Are these results going to have an impact on people sitting in wheelchairs?
Based on the knowledge available today, we can assume that we will enter a new era, one that holds hope for many people.
If the first head transplantation is actually conducted, you will revolutionize medicine. What will be next?
The next step is already under way. We are currently planning the world’s first brain transplant, and I consider it realistic that we will be ready in three years at the latest. A brain transplant has many advantages: first, there is barely any immune reaction, which means the problem of rejection does not exist. The brain is, in a manner of speaking, a neutral organ. If you transplant a head with vessels, nerves, tendons and muscles, rejection can pose a massive problem. This is not the case with the brain. What may be problematic, however, is that no aspect of your original external body remains the same. Your head is no longer there; your brain is transplanted into an entirely different skull.
Does this not pose serious problems for the human psyche? Are we even capable of cognitively grasping such a situation? Are we able to handle it?
It creates a new situation that will certainly not be easy, but think about what that means.
A BRAIN TRANSPLANT MAY BECOME A REALITY
IN AS LITTLE AS THREE YEARS.
IT HAS MANY ADVANTAGES.
THERE ARE PRACTICALLY NO IMMUNE REACTIONS
OR REJECTIONS. WE COULD ATTEMPT TO
REAWAKEN CRYOGENICALLY FROZEN BRAINS.
What are you referring to?
Have you heard of the company Alcor?
You mean the American company that specializes in deep freezing and storing bodies after death?

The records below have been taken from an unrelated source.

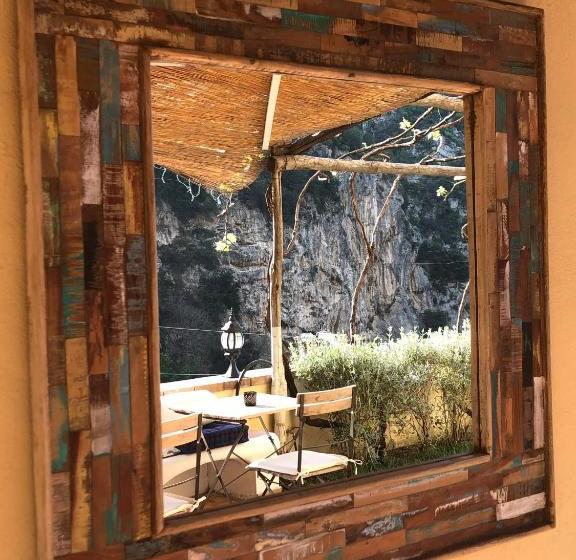 בית מלון כפרי Torre Dello Ziro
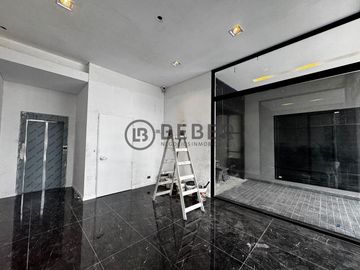 En venta tres ambientes a estrenar, Chauvin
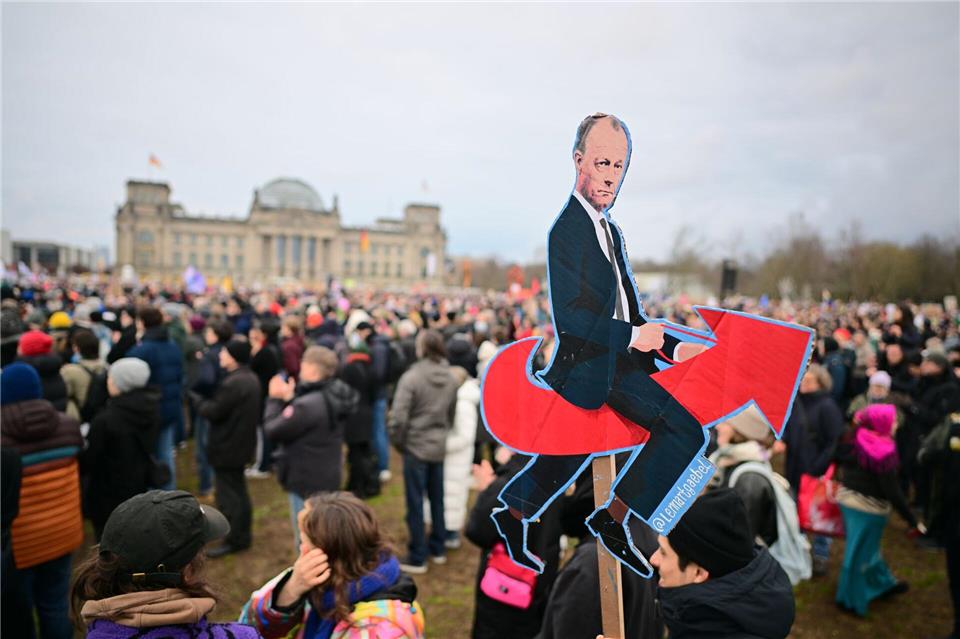 Bilder des Tages Merz-Karikatur bei Demo gegen Migrationspolitik der CDU in BerlinSebastian Christoph Gollnow/dpa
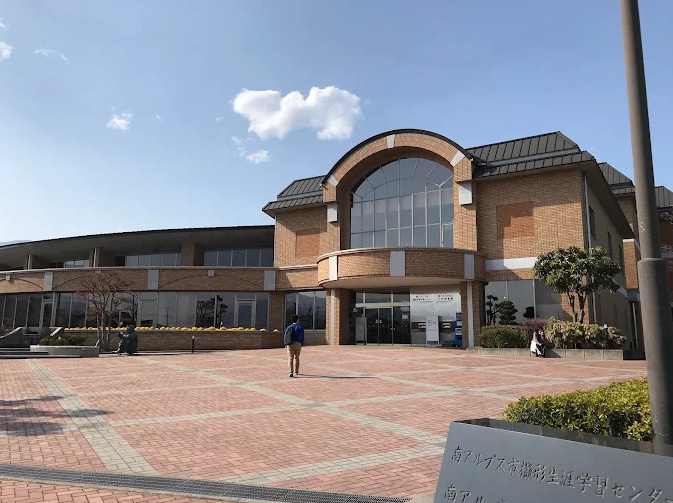 南アルプス市立中央図書館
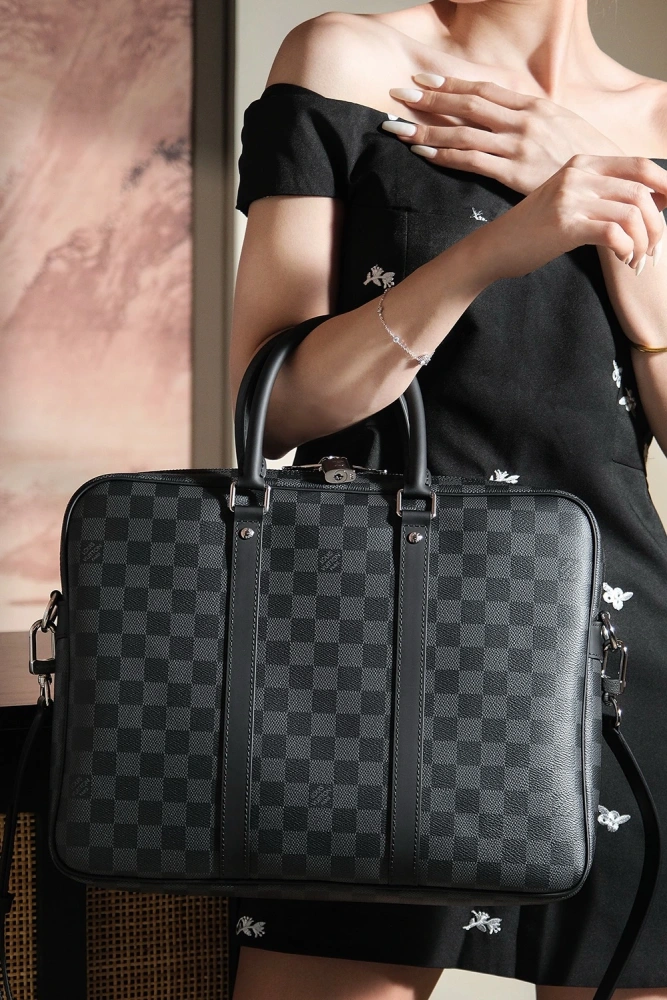 LV PORTE DOCUMENTS VOYAGE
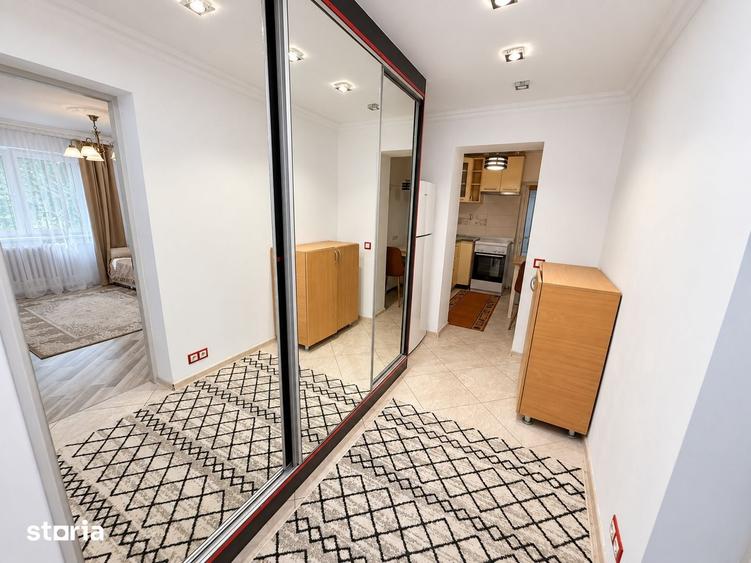Apartament cu 2 camere semidecomandat în Podu Roș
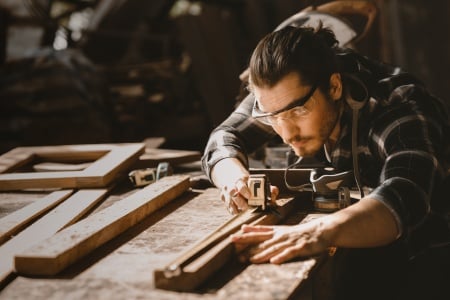Fabrication de meubles en bois.jpg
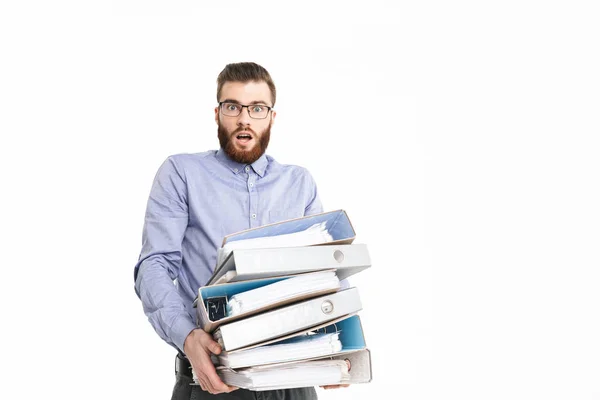 Surprised bearded elegant man in eyeglasses holding folders — Stock Photo, Image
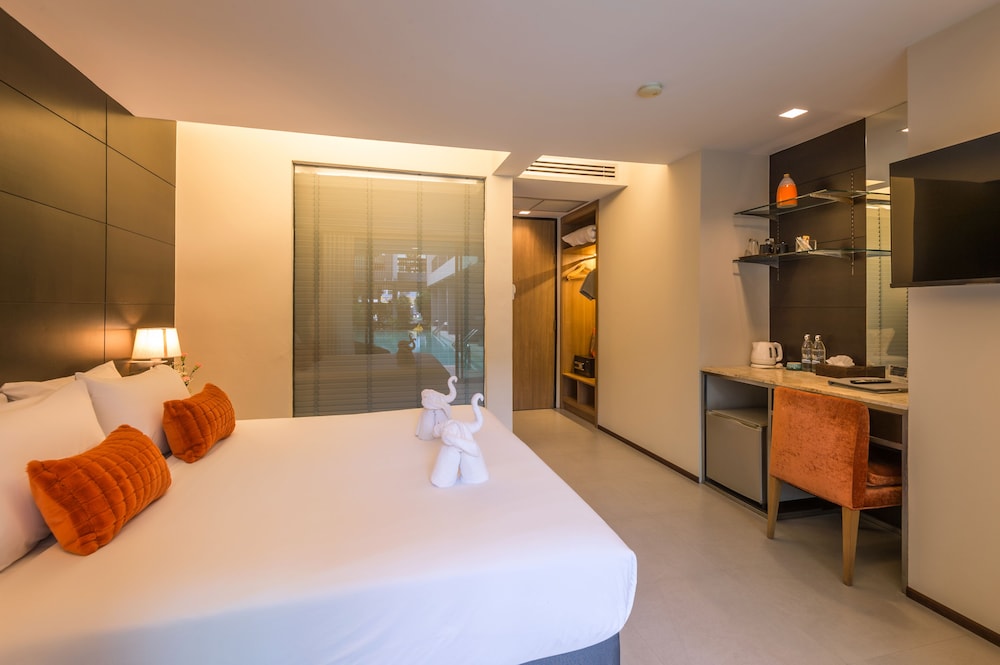 Deluxe Pool Access Room photo 3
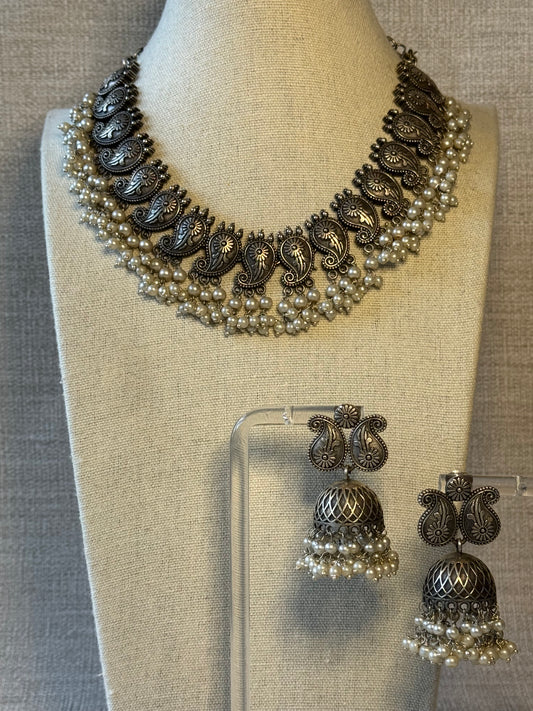 Oxidised Clustered Pearl Style Set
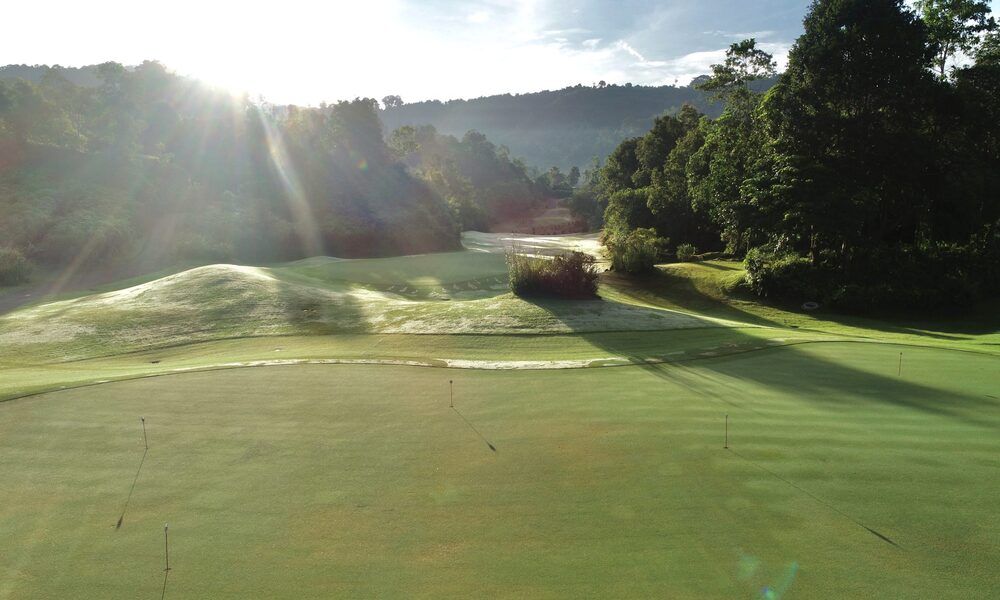 Red Mountain Golf 紅山球場
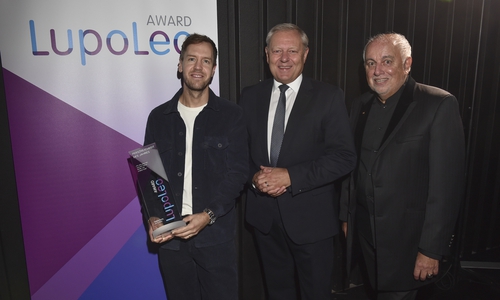 Sebastian Vettel mit Jürgen Brinkmann und Robert Lübenoff. 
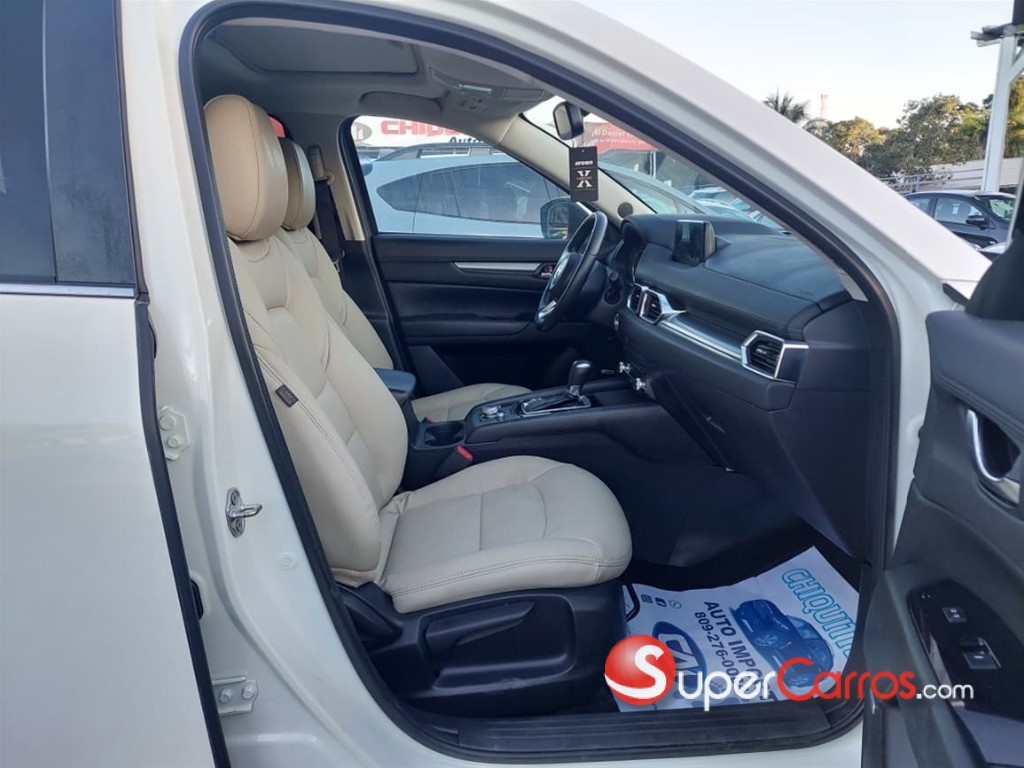 2020 Mazda CX-5 Touring — foto 6 / 12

Exactly. You preserve either the entire body or just the brain. The process is called vitrification. First, your body is frozen at minus 196 degrees Celsius; then, it is submerged in liquid nitrogen. That said, Alcor does not know how many of the company’s clients will be brought back to life. In interviews, spokespeople of the company tend to state that this task is one for the doctors and scientists of the future to solve. It is nice, though, that someone will know what to do with these frozen brains in 100 or 200 years. I have good news for them.
Namely?
We will try to bring the first of the company’s patients back to life, not in 100 years. As soon as the first human head transplant has taken place, i.e., no later than in 2018, we will be able to attempt to reawaken the first frozen head.
That means you aim to transplant one of the frozen brains into a donor body?
Precisely. We can try out whether the method works and whether freezing brains actually makes sense or if we can forget that entire approach.
More concretely, that means: after the (head) transplant is before the (brain) transplant. Once the first head is transplanted, you will turn to the brain?
The process is already under way. We are working on it in parallel.